7 Brazil More than 80 million Brazilians tune in each day to glamorous "telenovellas", to escape the miseries of a country which has its fair share of crime and poverty. But sometimes the soaps overlap with real life. Actor Guillerme de Padua was convicted in 1996 of killing an actress after their on-screen relationship ended. The Globo TV network employs a "social consultant" to insert educational messages in its market-leading Suave Veneno ("Sweet Poison"), whose current storyline sees a father watching his family conspire to take control of the business empire he built himself.

8 France Des feux de l'amour ("The Fires of Love") runs every weekday lunchtime and deals in "love, betrayal, power, and the daily struggles" of a family cosmetics business. Recent episodes have seen Nina's marriage to Ryan, Nina's mother's illness, and the trial of April.
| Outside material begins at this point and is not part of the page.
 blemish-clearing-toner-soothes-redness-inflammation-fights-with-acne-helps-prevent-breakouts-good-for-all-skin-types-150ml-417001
9 Turkey The most popular soap opera in Turkey is the American series, The Bold and the Beautiful. Dubbed into Turkish and shown five nights a week, it charts the love and business affairs of the wealthy Forrester family against the background of Hollywood's fashion industry. A typical domestically produced soap is Black Angel, which follows the traumas of a beautiful but malevolent young woman in Istanbul, who sponges off all her rich friends and delights in ruining lives.

10 Australia Home and Away is Australia's favourite, and doesn't do too badly over here. As millions of Brits know, the slushy seaside soap is set in the fictional community of Summer Bay, centering on the lives of multiple foster families. It runs on Network Seven at 7pm, every weekday evening. In a current storyline, single mother Chloe has discovered that her baby has a heart murmur.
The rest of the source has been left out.